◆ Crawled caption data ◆
= Beginning of Section =

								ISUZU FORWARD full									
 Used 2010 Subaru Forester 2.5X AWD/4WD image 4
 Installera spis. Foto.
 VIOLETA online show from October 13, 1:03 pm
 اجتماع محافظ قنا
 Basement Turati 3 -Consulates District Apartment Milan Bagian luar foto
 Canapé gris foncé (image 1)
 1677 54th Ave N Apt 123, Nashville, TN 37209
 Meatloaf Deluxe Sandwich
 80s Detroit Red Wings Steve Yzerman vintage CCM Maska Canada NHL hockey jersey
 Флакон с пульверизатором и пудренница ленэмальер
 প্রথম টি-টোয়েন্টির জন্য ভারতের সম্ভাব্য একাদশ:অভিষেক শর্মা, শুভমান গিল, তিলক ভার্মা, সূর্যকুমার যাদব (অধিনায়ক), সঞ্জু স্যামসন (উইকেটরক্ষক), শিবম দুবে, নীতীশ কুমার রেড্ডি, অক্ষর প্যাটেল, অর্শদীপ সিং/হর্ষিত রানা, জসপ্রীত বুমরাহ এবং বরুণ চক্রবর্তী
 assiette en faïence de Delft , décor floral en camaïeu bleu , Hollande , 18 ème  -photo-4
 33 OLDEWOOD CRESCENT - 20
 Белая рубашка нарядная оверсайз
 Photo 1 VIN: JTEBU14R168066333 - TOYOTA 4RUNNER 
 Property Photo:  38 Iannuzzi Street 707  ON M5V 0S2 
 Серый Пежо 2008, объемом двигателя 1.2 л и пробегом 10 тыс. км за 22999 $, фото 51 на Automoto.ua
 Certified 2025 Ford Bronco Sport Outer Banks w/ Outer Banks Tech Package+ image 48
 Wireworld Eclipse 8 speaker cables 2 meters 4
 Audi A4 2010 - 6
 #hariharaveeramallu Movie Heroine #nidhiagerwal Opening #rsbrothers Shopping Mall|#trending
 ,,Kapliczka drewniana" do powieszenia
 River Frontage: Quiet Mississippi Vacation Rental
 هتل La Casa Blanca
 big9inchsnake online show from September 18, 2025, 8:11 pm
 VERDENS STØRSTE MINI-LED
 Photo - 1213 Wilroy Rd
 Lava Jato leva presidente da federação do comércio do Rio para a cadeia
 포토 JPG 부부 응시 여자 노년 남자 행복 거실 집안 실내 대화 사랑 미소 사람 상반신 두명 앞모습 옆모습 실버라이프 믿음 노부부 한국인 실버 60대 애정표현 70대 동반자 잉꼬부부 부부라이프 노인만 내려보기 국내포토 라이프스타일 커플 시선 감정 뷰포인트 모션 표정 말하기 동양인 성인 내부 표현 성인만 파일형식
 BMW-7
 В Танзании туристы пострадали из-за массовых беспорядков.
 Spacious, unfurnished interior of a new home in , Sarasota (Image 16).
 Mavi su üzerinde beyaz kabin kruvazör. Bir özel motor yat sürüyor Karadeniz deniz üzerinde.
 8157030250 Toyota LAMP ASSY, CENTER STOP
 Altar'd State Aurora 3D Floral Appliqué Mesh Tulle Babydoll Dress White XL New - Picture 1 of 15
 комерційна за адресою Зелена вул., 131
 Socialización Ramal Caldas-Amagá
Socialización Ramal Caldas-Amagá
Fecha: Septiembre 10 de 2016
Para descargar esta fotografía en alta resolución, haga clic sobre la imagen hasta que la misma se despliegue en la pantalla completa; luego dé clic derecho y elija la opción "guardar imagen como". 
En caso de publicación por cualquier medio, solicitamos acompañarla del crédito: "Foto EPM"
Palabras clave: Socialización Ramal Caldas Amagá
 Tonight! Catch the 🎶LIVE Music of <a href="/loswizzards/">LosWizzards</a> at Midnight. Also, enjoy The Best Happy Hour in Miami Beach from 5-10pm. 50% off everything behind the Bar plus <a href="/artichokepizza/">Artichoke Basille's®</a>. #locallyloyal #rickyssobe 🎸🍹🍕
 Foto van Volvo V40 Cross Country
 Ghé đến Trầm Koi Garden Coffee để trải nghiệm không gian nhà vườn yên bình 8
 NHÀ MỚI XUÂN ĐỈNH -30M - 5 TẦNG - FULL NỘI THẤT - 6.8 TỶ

= End of Section =

◆ Requirement ◆
When you reach the line with "Altar'd State Aurora" in the records above, start writing out lines exactly, and stop once the line with "Palabras clave: Socialización" has been written; include nothing else.

◆ Output for this exercise ◆
 Altar'd State Aurora 3D Floral Appliqué Mesh Tulle Babydoll Dress White XL New - Picture 1 of 15
 комерційна за адресою Зелена вул., 131
 Socialización Ramal Caldas-Amagá
Socialización Ramal Caldas-Amagá
Fecha: Septiembre 10 de 2016
Para descargar esta fotografía en alta resolución, haga clic sobre la imagen hasta que la misma se despliegue en la pantalla completa; luego dé clic derecho y elija la opción "guardar imagen como". 
En caso de publicación por cualquier medio, solicitamos acompañarla del crédito: "Foto EPM"
Palabras clave: Socialización Ramal Caldas Amagá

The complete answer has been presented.